[Records provided Boundary: Start]

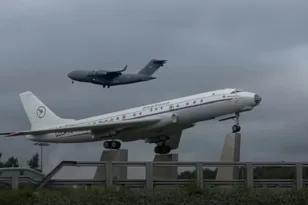 Σαν αποστολή του Ψυχρού Πολέμου: Το C-17 που μετέφερε τον αρχηγό της CIA στη Μόσχα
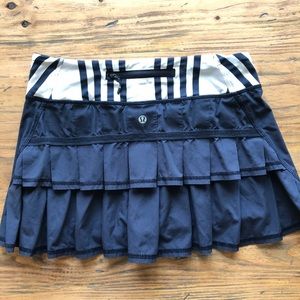Lululemon skirt 2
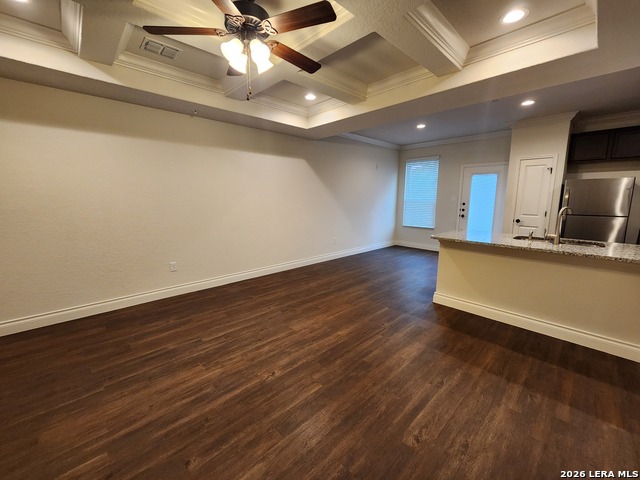 338 Untermaier St Property Photo 3
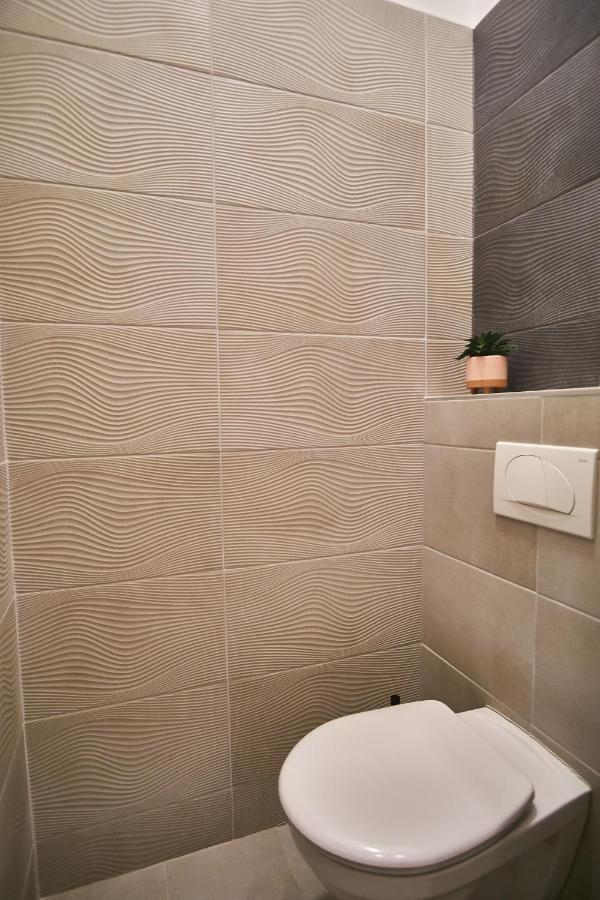 F4 Design Apartment- บูดาเปสต์ ภายนอก รูปภาพ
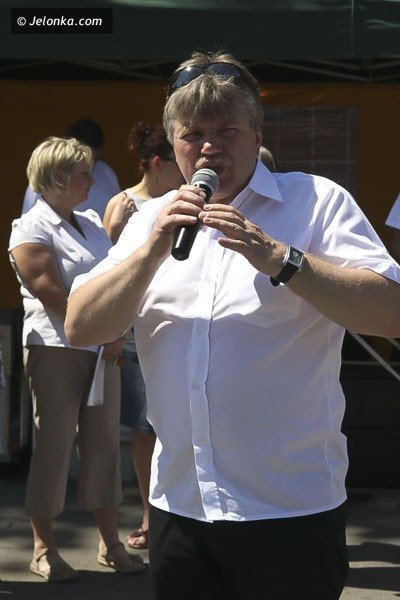 byli-razem-na-dziedzincu-mops-po-festynie-dla-dzieci-mam-i-tatusiow-foto-40653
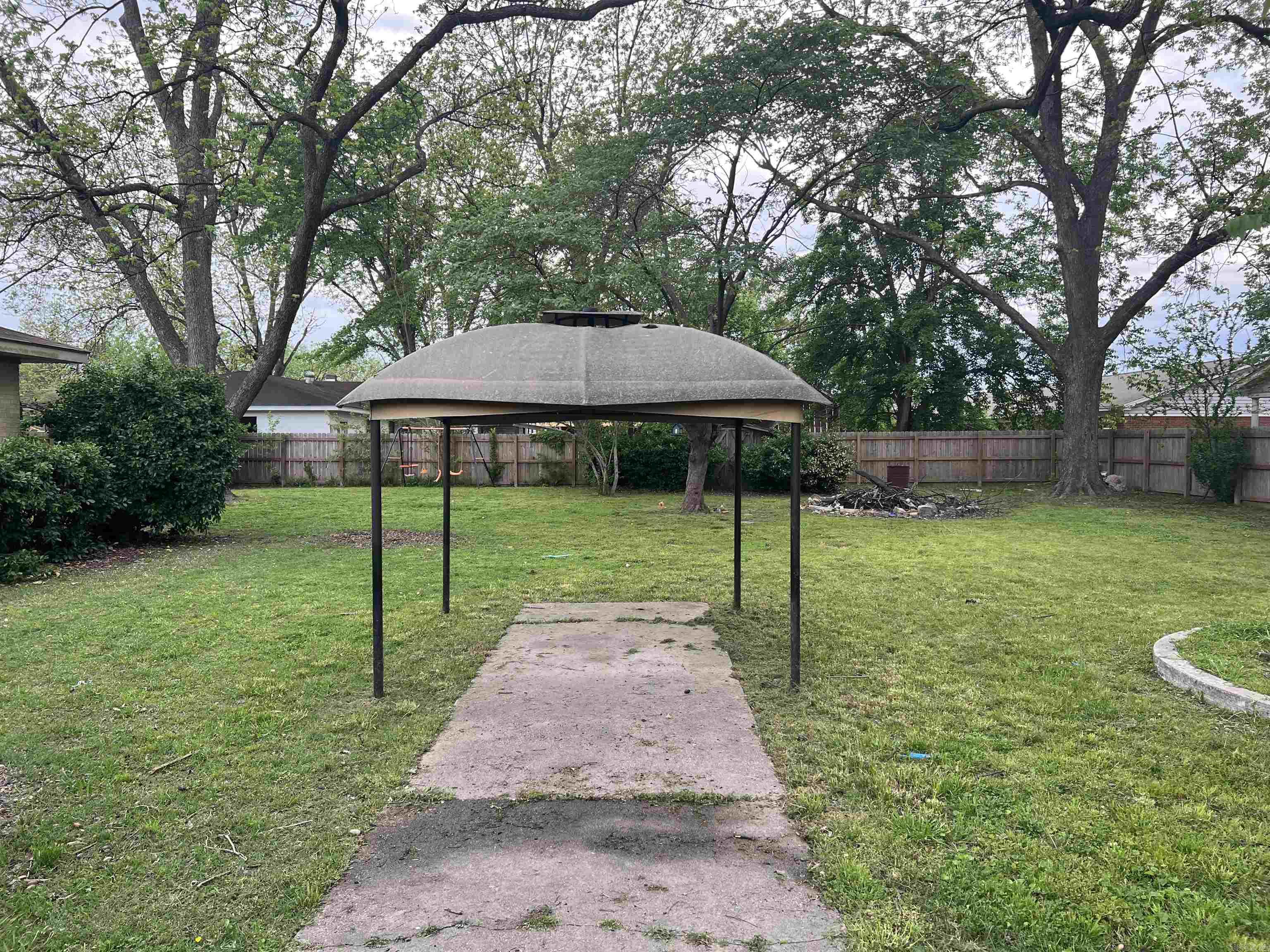 190 E Poplar St  Piggott, AR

[Records provided Boundary: End]

• Exercise details
Each line from the one containing "338 Untermaier St Property Photo 3" through the final line of the data must be reproduced exactly, both ends included, with no pictures in the copy.

• Written answer
 338 Untermaier St Property Photo 3
 F4 Design Apartment- บูดาเปสต์ ภายนอก รูปภาพ
 byli-razem-na-dziedzincu-mops-po-festynie-dla-dzieci-mam-i-tatusiow-foto-40653
 190 E Poplar St  Piggott, AR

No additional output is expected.